Take the lines below from the one with "Thumbnail 2 in" through the one with "Building Photo - 454 Zenith Blvd" and retype them exactly. Include nothing else, and no pictures.

* **Material shown**
== Segment start ==

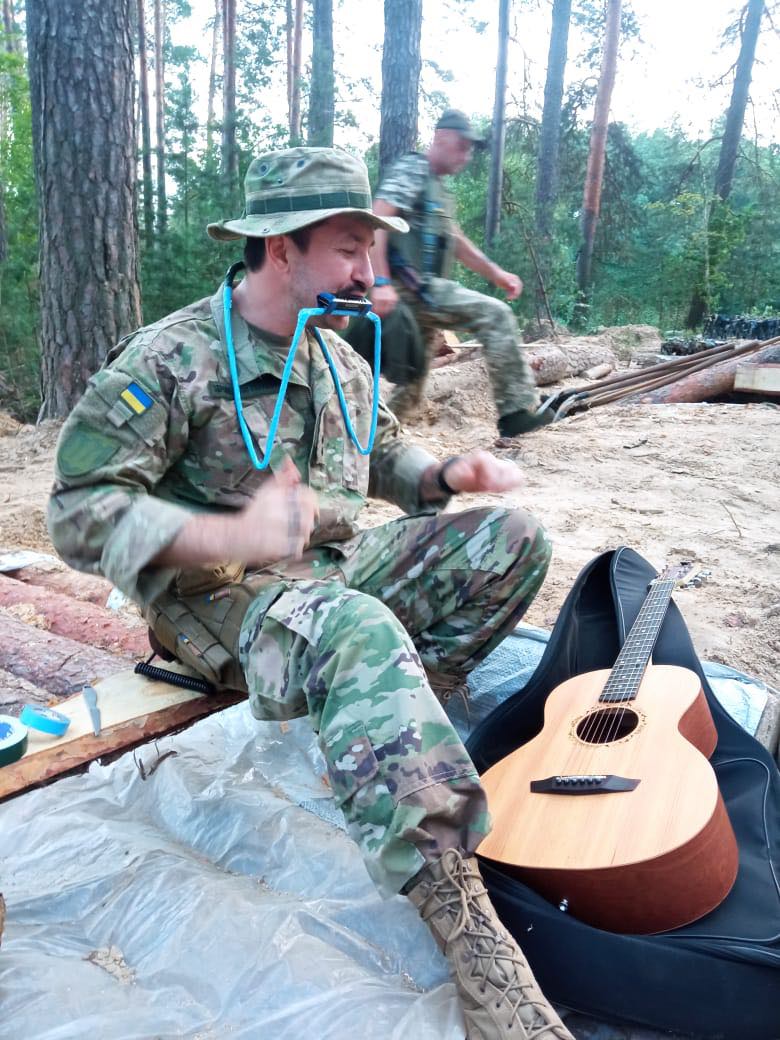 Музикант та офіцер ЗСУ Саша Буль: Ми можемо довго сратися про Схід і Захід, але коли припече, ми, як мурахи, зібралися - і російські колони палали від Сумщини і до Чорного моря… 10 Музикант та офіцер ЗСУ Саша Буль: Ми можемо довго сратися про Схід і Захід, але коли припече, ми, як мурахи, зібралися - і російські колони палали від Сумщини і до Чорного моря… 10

== Segment end ==
== Segment start ==

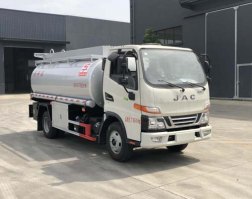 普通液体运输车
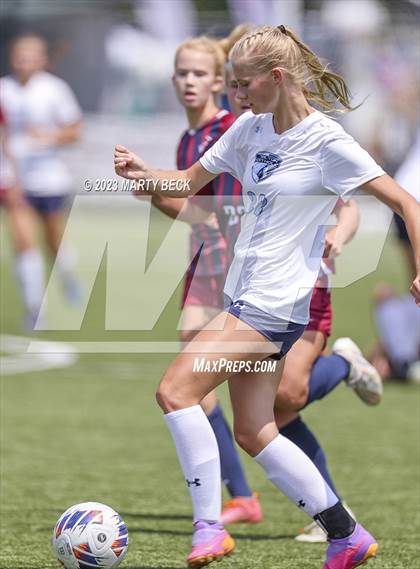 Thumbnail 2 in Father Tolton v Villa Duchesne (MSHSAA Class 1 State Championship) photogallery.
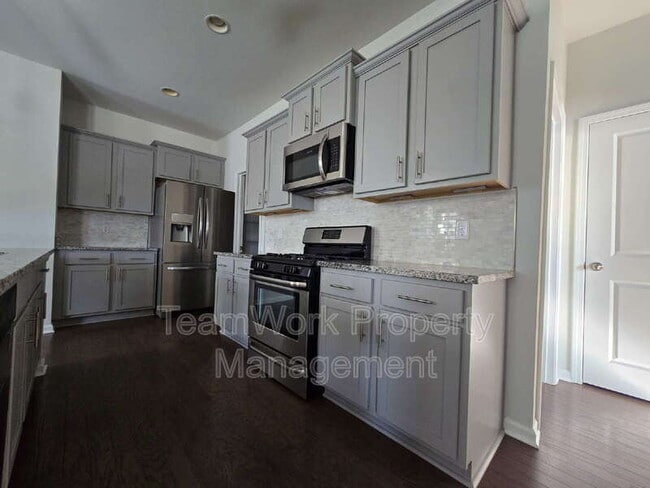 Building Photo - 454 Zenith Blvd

== Segment end ==
== Segment start ==

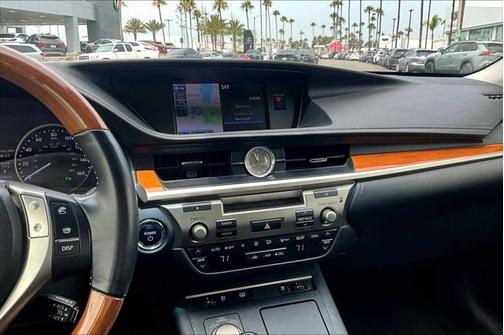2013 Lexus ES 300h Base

== Segment end ==

* **Exercise result**
 Thumbnail 2 in Father Tolton v Villa Duchesne (MSHSAA Class 1 State Championship) photogallery.
 Building Photo - 454 Zenith Blvd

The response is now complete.